Dëvar Torah — Acharei Moth/Qëdoshim (Leviticus XVI, 1 – XX, 27)
It has already been noted that the concept of qëdusha (“sanctity, holiness”) implies a separation or dedication to some higher purpose. Thus, Israel, as the nation dedicated to the actualization and propagation of Torah in the world, is called the mamlecheth kohanim vëgoy qadosh (“kingdom of kohanim and holy nation,” Exodus XIX, 6) and is subject to such restrictions as kashruth as a result (cf. Leviticus XI).
Within Israel, the descendants of Aharon, the kohanim who administer such institutions of qëdusha as the Temple, are similarly subject to restrictions — e.g. in terms of whom they may marry — over and above those that apply to Israel in general.

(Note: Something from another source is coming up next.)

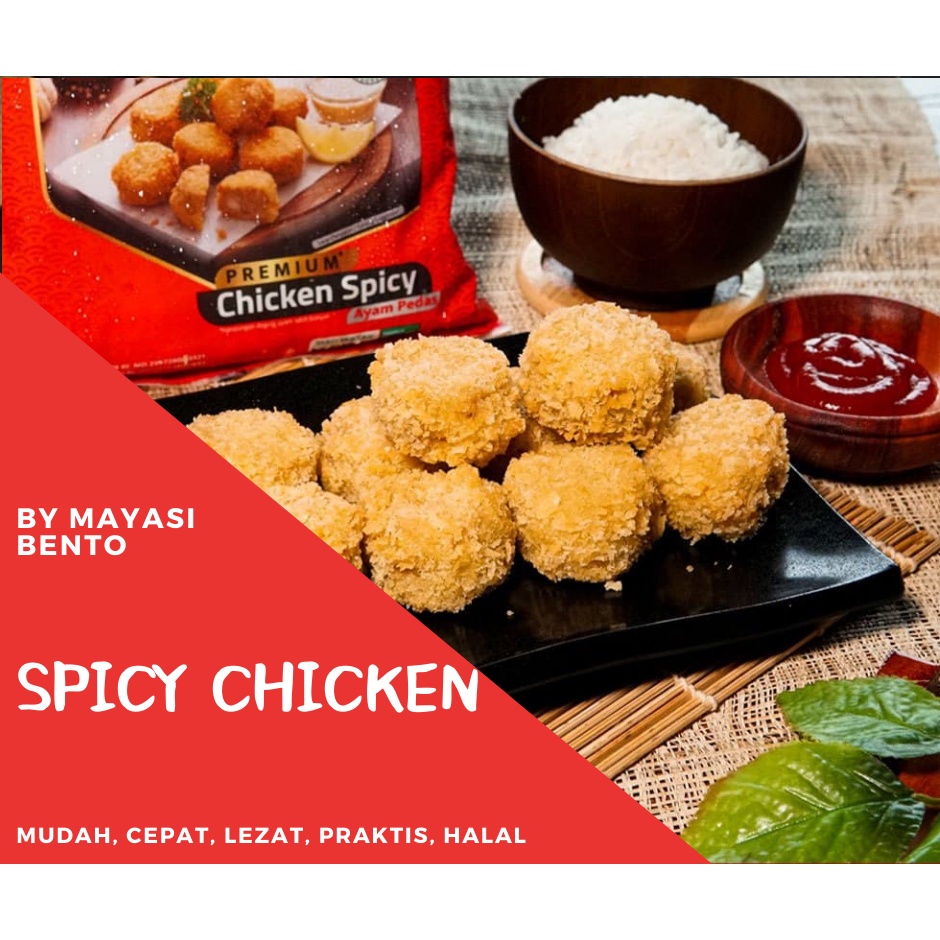 Jual Bento Spicy Chicken Mayasi Frozen Food Japanese Food Shopee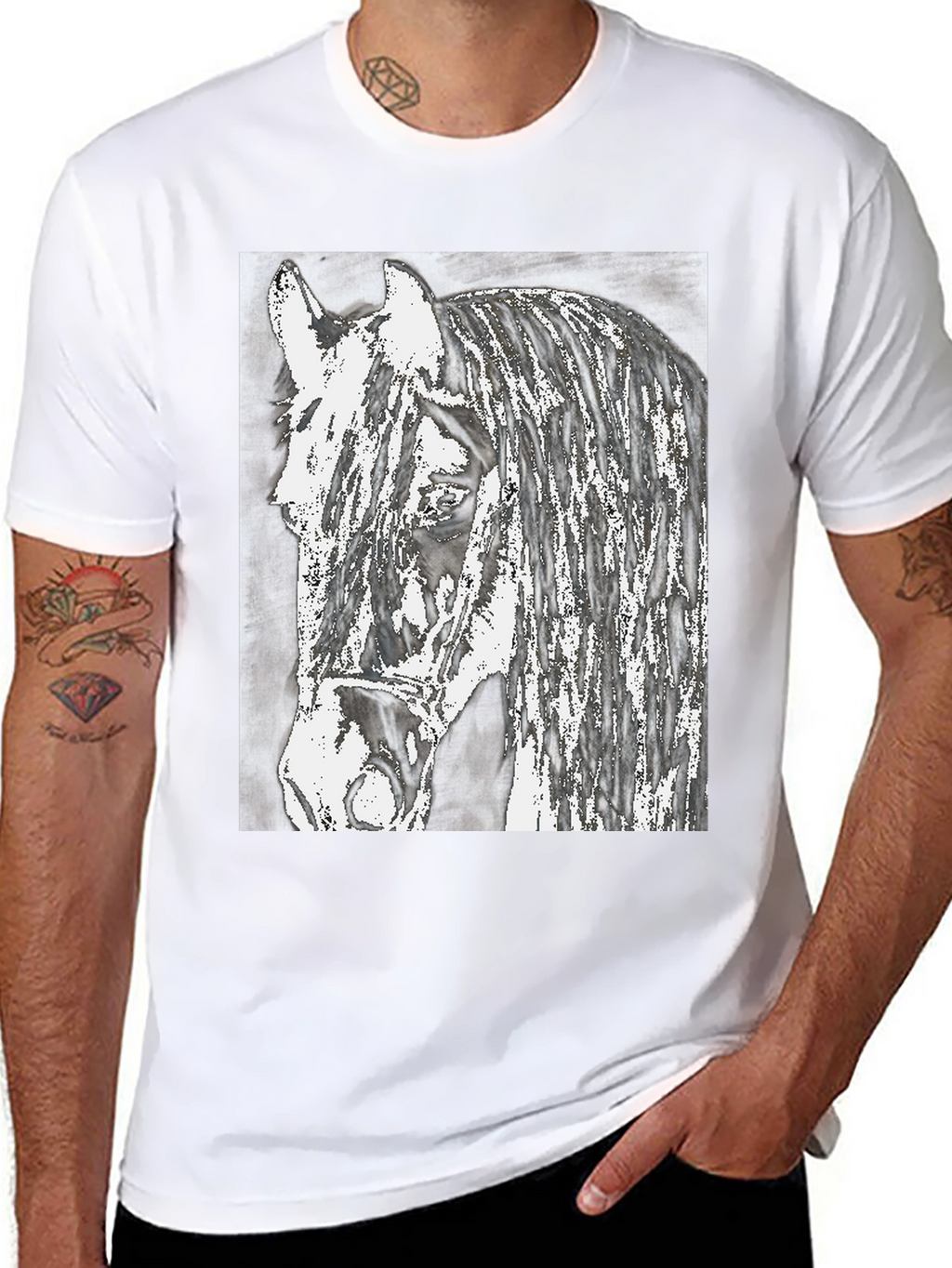 Horse Graphic Print T-Shirt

This manifestation of qëdusha certainly finds expression in our parasha. In order to explain why Qëdoshim follows Acharei Moth (and, as this year, the two are often read together), Rashi cites a midrash from Torath Kohanim. Acharei Moth ends with an exhaustive list of depraved practices, in particular forbidden sexual unions, against which Israel is warned, characterized as ma‘asé eretz Mitzrayim (whence they had just come) and ma‘asé eretz Këna‘an (whither they were going; cf. Leviticus XVIII, 3).
Qëdoshim begins with the command: Qëdoshim tihyu (“You will be holy,” XIX, 2), which the midrash, as Rashi phrases it, explains as meaning: “Be separate from improper relationships and from transgression, for every place you find limitation of impropriety, you find sanctity.”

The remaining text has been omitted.